Ces chargés de mission handicap et diversité tendent, dans leurs discours, à envisager le handicap comme tout autre critère de leur politique de diversité, qui est calquée sur les critères de discrimination prévus par la loi (Bereni, 2015). Ils parlent ainsi de façon indissociée de leur politique à l’égard des LGBT, des personnes d’origine étrangère ou des femmes. Les initiatives qu’ils mettent en place visent cependant à créer des outils de gestion spécifique au handicap, qui facilitent sa gestion dans l’entreprise.
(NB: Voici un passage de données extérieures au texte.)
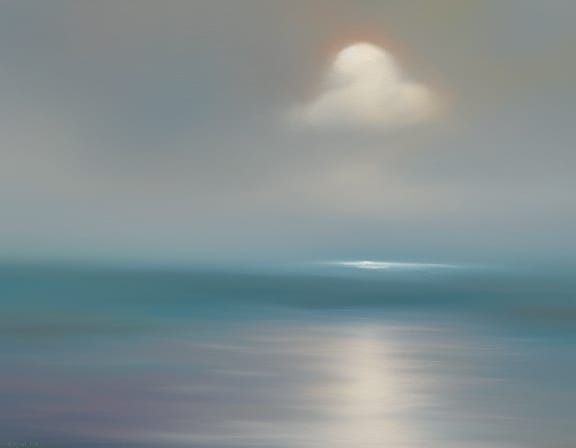 Cat-Shaped Cloud over Ocean in Oil Painting Style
Ainsi, une responsable diversité explique qu’ils ont mis en place des collaborations avec le SELOR [organisme officiel de recrutement de la fonction publique belge] pour aménager les épreuves du recrutement.

« Notre site de recrutement a été adapté donc quand vous allez sur notre site de recrutement, vous pouvez indiquer dans le processus que vous avez besoin d’aménagement, lié à votre, à un handicap, et à ce moment là on prend contact avec vous par mail pour voir de quoi vous avez besoin exactement, et on fait en sorte que vous ne soyez pas discriminé. Et nous avons un accord de partenariat avec le SELOR si on fait face à un moment donné à un handicap pour lequel nous n’avons pas l’expertise » (Responsable diversité, compagnie d’assurance en Belgique)

Les différents chargés de mission diversité mettent en avant le caractère proactif de ces initiatives, fondées sur des mesures mises en place en interne sans qu’il n’y ait d’incitation légale à adopter ce type de mesures. Si des dispositions juridiques encadrent la non-discrimination, les responsables diversité mettent en avant le fait que leur politique constitue une anticipation des obligations légales, plus qu’une réponse aux législations en matière de handicap. Néanmoins, ils définissent les contours de la diversité en s’appuyant sur les critères de discrimination contenus dans la loi.